In Embodiment 1, in a case in which the physical object is the air-conditioning apparatus 101, the deterioration estimation unit 81 estimates a degree of deterioration of the air-conditioning apparatus 101 based on a degree of deterioration of each of the plurality of components in the air-conditioning apparatus 101. Since the air-conditioning apparatus 101 is composed of the plurality of components, the accuracy of estimation of the degree of deterioration of the air-conditioning apparatus 101 is improved by the deterioration estimation unit 81 estimating the deterioration degree of the air-conditioning apparatus 101 using the degree of deterioration of each of the plurality of components.

In Embodiment 1, the lifetime calculation unit 82 cross-checks one or more of the plurality of contrast deterioration information items indicating on a time-series basis the degree of deterioration of any of the plurality of air-conditioning apparatuses and the plurality of components in each of the plurality of air-conditioning apparatuses that corresponds to the physical object and the degree of deterioration of the physical object at a plurality of points in time in the cross-checking time range as estimated by the deterioration estimation unit 81. The lifetime calculation unit 82 extracts the extracted deterioration information item from among the one or more deterioration information items based on a result of cross-checking.

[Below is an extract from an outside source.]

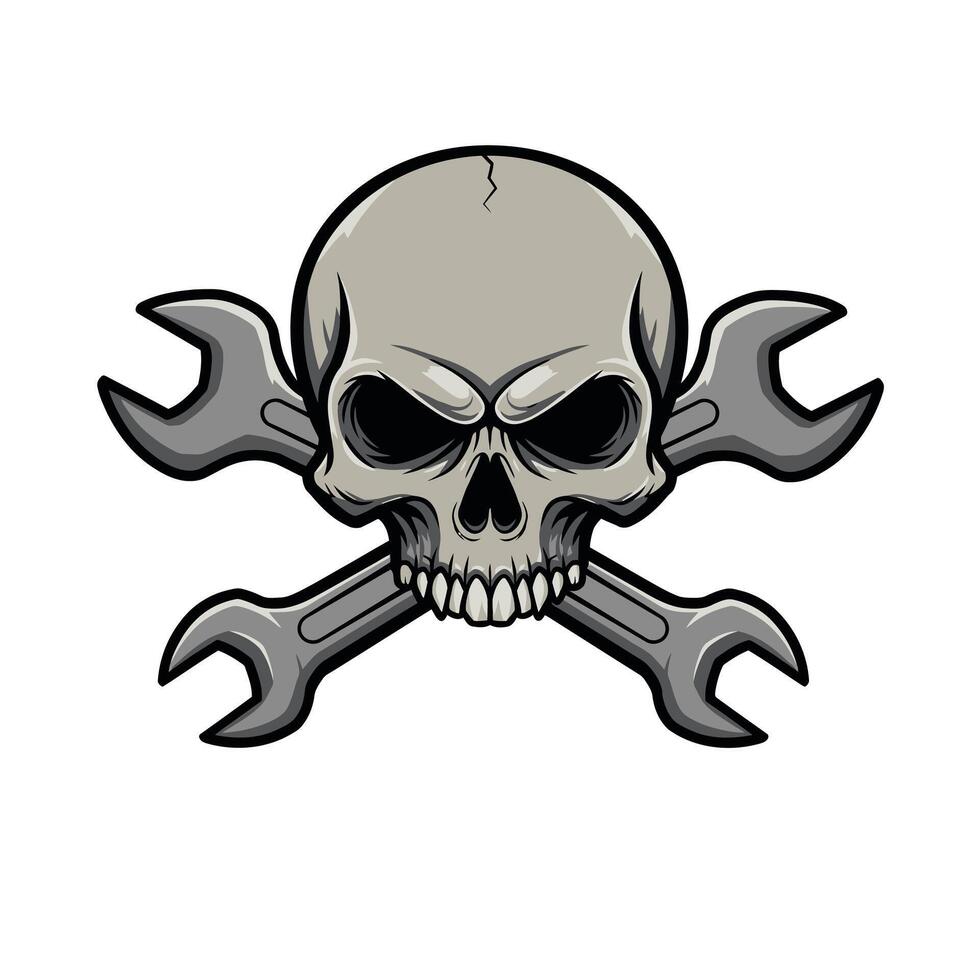 Skull with wrenches on his head logo design vector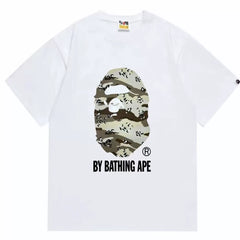 BAPE Style Desert Camo Big Ape Head Short-Sleeve Tee - White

Then, the lifetime calculation unit 82 predicts the time of failure in the physical object using the extracted deterioration information item and calculates the lifetime based on the time of failure and the current point in time. This allows the lifetime calculation unit 82 to accurately extract the extracted deterioration information item by cross-checking the one or more contrast deterioration information items and the degree of deterioration of the physical object at the plurality of points in time. Then, the control construction unit 83 constructs the content of control of the air-conditioning apparatus 101 based on the extracted deterioration information item. This makes it possible to extend the life of the air-conditioning apparatus 101.

In Embodiment 1, the lifetime calculation unit 82 extracts the extracted deterioration information item from among one or more of the plurality of contrast deterioration information items indicating on a time-series basis the degree of deterioration of any of the contrast air-conditioning apparatus and the plurality of components in the contrast air-conditioning apparatus. This allows the lifetime calculation unit 82 to reduce the amount of processing for extracting an extracted deterioration information item.

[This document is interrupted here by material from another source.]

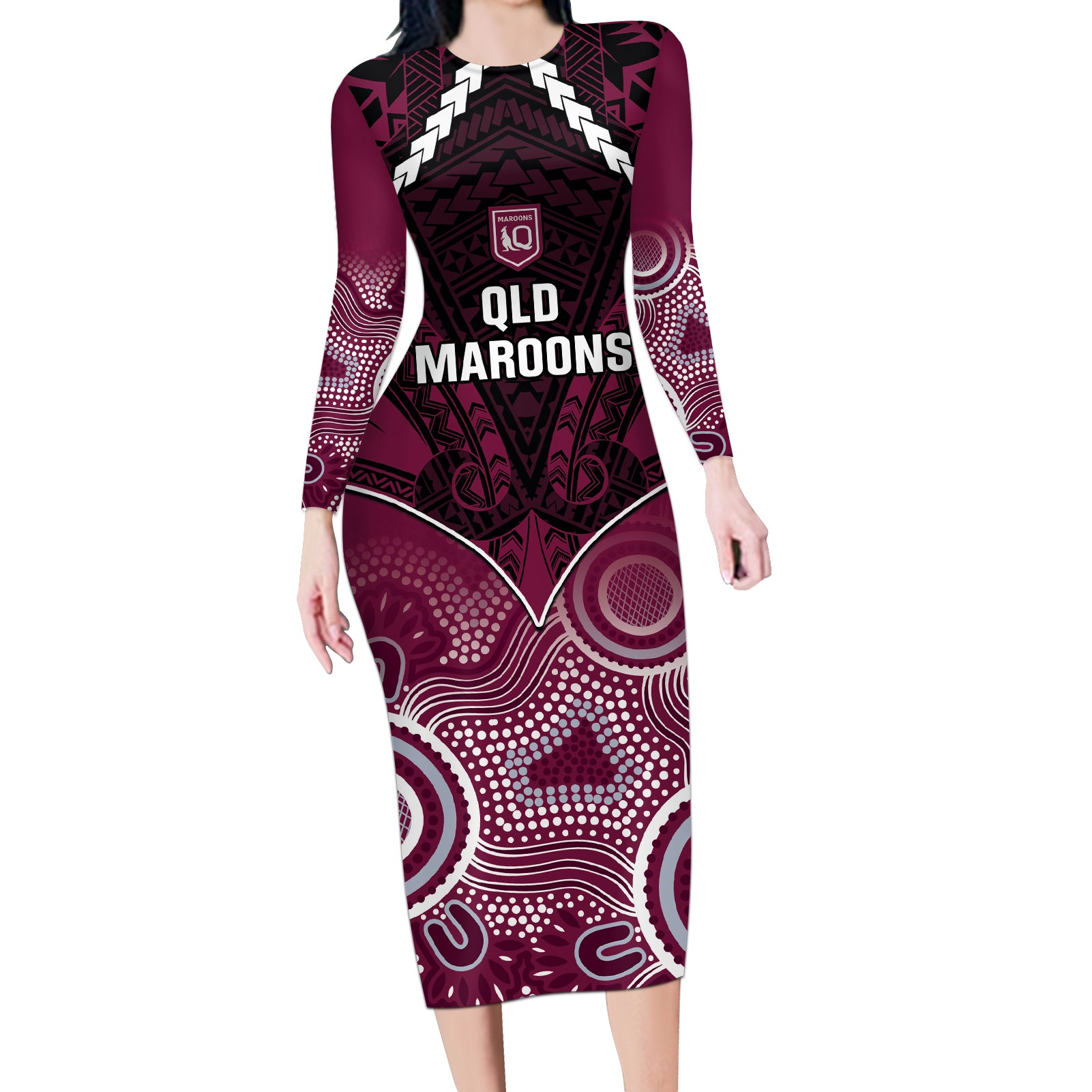 Custom QLD Maroons Rugby Long Sleeve Bodycon Dress Aboriginal Mix Polynesian Pattern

In Embodiment 1, the storage unit 80 stores, in association with each of the plurality of contrast deterioration information items, one or more patterns of control for delaying deterioration of each of the plurality of air-conditioning apparatuses, each of the plurality of components in each of the plurality of air-conditioning apparatuses, or two or more of the plurality of components in each of the plurality of air-conditioning apparatuses. The control construction unit 83 constructs the content of control using at least one of the one or more patterns of control associated with the extracted deterioration information item. This allows the control construction unit 83 to quickly construct a content of control that delays deterioration of the physical object.

In Embodiment 1, the storage unit 80 stores, in association with each other, two or more of or one of the plurality of contrast deterioration information items indicating on a time-series basis a degree of deterioration of any of the plurality of air-conditioning apparatuses and the plurality of components in each of the plurality of air-conditioning apparatuses and a plurality of the patterns of control for delaying deterioration of any of the plurality of air-conditioning apparatuses and the plurality of components in each of the plurality of air-conditioning apparatuses. Further, the storage unit 80 stores weights assigned separately to each of the plurality of patterns of control. Greater ones of the weights are assigned separately to each of the plurality of patterns of control in ascending order of extension of a life of any of the plurality of air-conditioning apparatuses and the plurality of components in each of the plurality of air-conditioning apparatuses. In a case in which the plurality of patterns of control are associated with the extracted deterioration information item, the control construction unit 83 selects the at least one pattern of control from among the plurality of patterns of control in descending order of the weights assigned thereto. This allows the control construction unit 83 to quickly and easily construct a content of control that extend the life of the air-conditioning apparatus 101. This allows the control construction unit 83 to reduce the amount of processing and allows the air-conditioning control unit 84 to, while extending the life of the air-conditioning apparatus 101, cause the air-conditioning apparatus 101 to operate.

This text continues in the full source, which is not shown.